◆ EXERCISE ◆
Leaving out the images, please reproduce each line below exactly.

[Opening DATA TO PROCESS section]

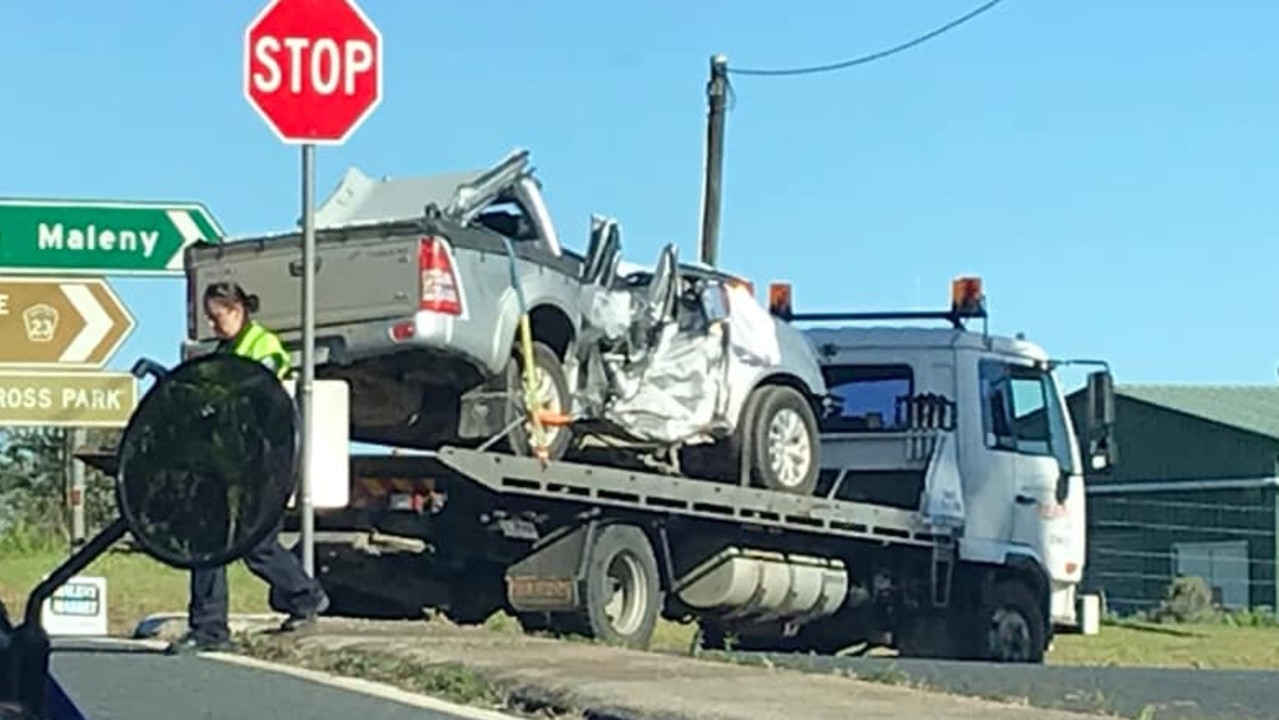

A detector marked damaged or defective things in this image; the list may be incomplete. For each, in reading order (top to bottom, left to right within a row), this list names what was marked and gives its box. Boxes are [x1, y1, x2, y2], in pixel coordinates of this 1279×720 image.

damaged car roof [312, 166, 486, 227]
crushed pickup truck [186, 147, 828, 496]
wrecked white ute [572, 226, 828, 496]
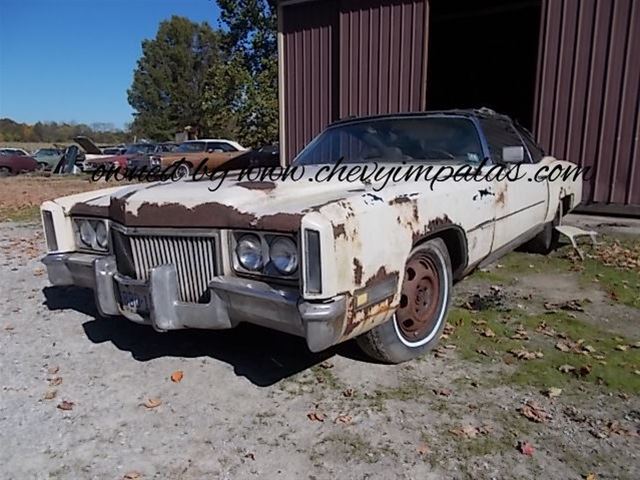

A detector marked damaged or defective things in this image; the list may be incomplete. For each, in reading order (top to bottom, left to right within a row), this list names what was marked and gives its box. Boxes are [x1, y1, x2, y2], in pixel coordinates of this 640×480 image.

[Closing DATA TO PROCESS section]

◆ WRITTEN SOLUTION ◆
A detector marked damaged or defective things in this image; the list may be incomplete. For each, in reading order (top to bottom, left to right within a row), this list names what was marked and gives its box. Boxes are [x1, y1, x2, y2], in pixel coordinates of this 1279×720 image.

damaged car roof [312, 166, 486, 227]
crushed pickup truck [186, 147, 828, 496]
wrecked white ute [572, 226, 828, 496]

A detector marked damaged or defective things in this image; the list may be incomplete. For each, in reading order (top to bottom, left to right within a row), this list names what was marked and gives its box. Boxes are [x1, y1, x2, y2], in pixel coordinates of this 640×480 image.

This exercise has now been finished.